See my responses above.

It's the last iteration of that sensor from Nikon and from what I've seen it's about as good as the D90/D300 for noise/ISO.  Certainly those higher end cameras won't be any worse, so you shouldn't discount them except if you are on a strict budget.

You mentioned high speed targets - max shutter speed is 1/4000 - the D300 and higher go to 1/8000.  Also autofocus would be better on D300 or higher, and they go to higher frame rates 4/4.5 for D5000/D90, up to 7 or 8 with D300.

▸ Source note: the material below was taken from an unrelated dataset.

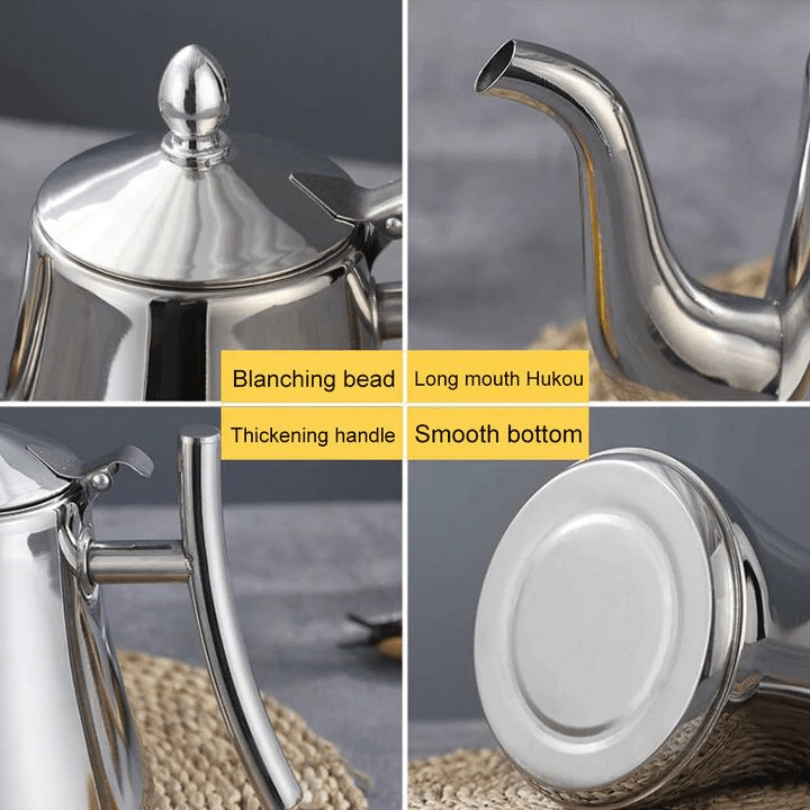 Induction Electric Kettle with Built-In Filter Fast Boil Tea Coffee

If you really are on a strict budget, I think the D5000 would be adequate.  The D90 buys you some more features but probably not any image quality or performance.


----------



## stroker (Oct 25, 2010)

Okay so i looked into sony and canon reviews last night. The options were even worse for my price range. Back to Nikon i guess.

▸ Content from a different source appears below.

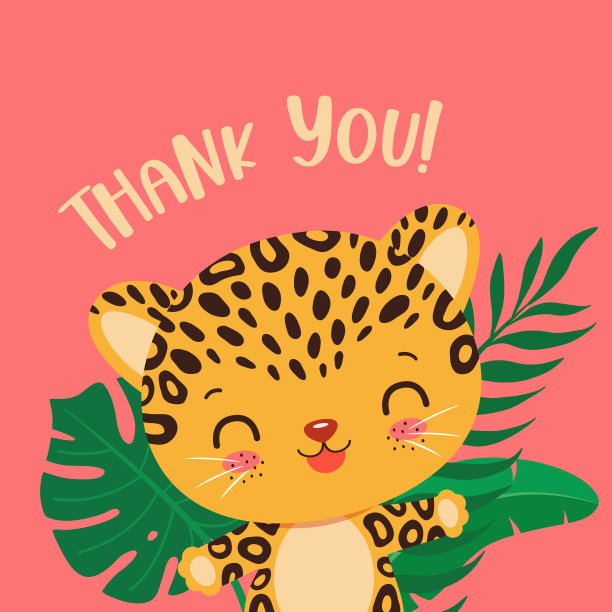 狩猎动物卡可爱的猎豹豹美洲虎幼崽。图片下载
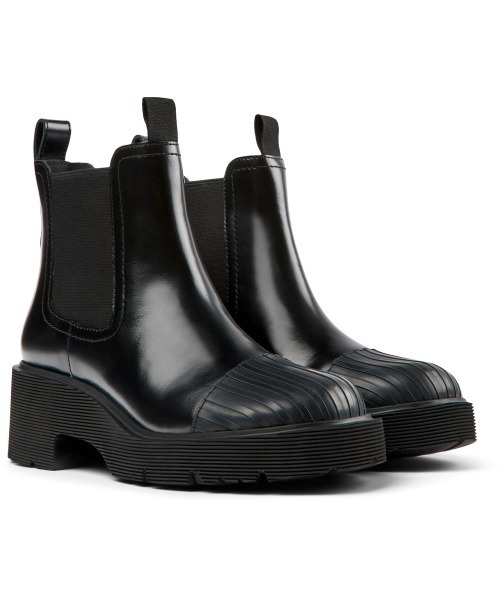 雨の日OK CAMPER カンペール Milah HYDROSHIELD ブーツ Milah Black Boots for Women - Spring/Summer collection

How fast of an object will the D5000 capture without a blur? Im wanting to capture objects going up to and maybe over 2,000fps.


----------



## KmH (Oct 25, 2010)

stroker said:


> Okay so i looked into sony and canon reviews last night. The options were even worse for my price range. Back to Nikon i guess.
> 
> How fast of an object will the D5000 capture without a blur? Im wanting to capture objects going up to and maybe over 2,000fps.


You don't do that with shutter speed, you do it with strobed light (flash).

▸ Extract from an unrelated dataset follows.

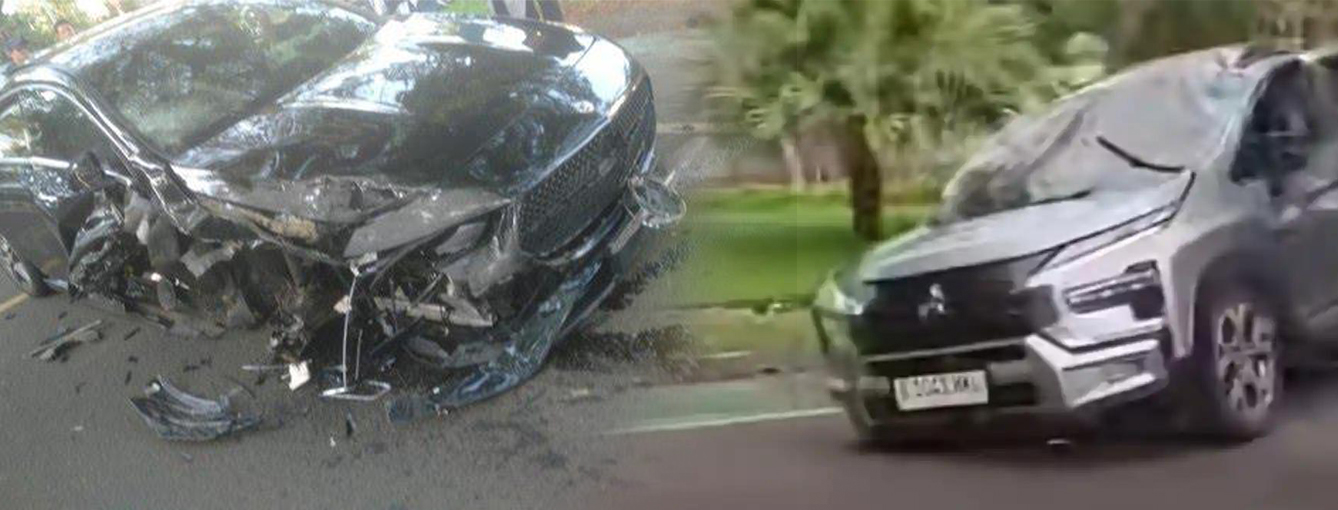 Kecelakaan lalu lintas yang melibatkan dua mobil terjadi di kawasan Alam Sutera, Serpong Utara, pada Senin (30/3) pagi.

The Nikon SB-600 strobe light has a flash duration of approximately 1/25,000 of a second at 1/64th power output.
Do the math. Hint: 2000 fps = 24,000 ips (inches per second)


----------



## KmH (Oct 25, 2010)

TheFantasticG said:


> ....according to the DxO the D90 did score overall slightly better than the D5000... by 1 point.


The low pass filter effects the ISO performance, the sharpness of each image, and in part, the cost of each camera.

DxoMark numbers for ISO are:

D90 - 977 ISO
D5000 - 868 ISO

The OP had a specific concern related to ISO performance.


----------



## stroker (Oct 25, 2010)

KmH, What exactly does the strobe light have to do with speed? Is it for getting the needed light for exposure in such a short ammount of time or am i wayy off base?


----------



## TheFantasticG (Oct 25, 2010)

Split hairs and pixel peep all you want Keith, but stroker isn't going to see a difference between the two in ISO, IQ, or anything else in his images taken outside of the lab conditions with a D90 and D5000.

Compare features side-by-side and decide which best fits your needs Stroker.


----------



## Shane Anderson (Oct 26, 2010)

stroker said:


> KmH, What exactly does the strobe light have to do with speed? Is it for getting the needed light for exposure in such a short ammount of time or am i wayy off base?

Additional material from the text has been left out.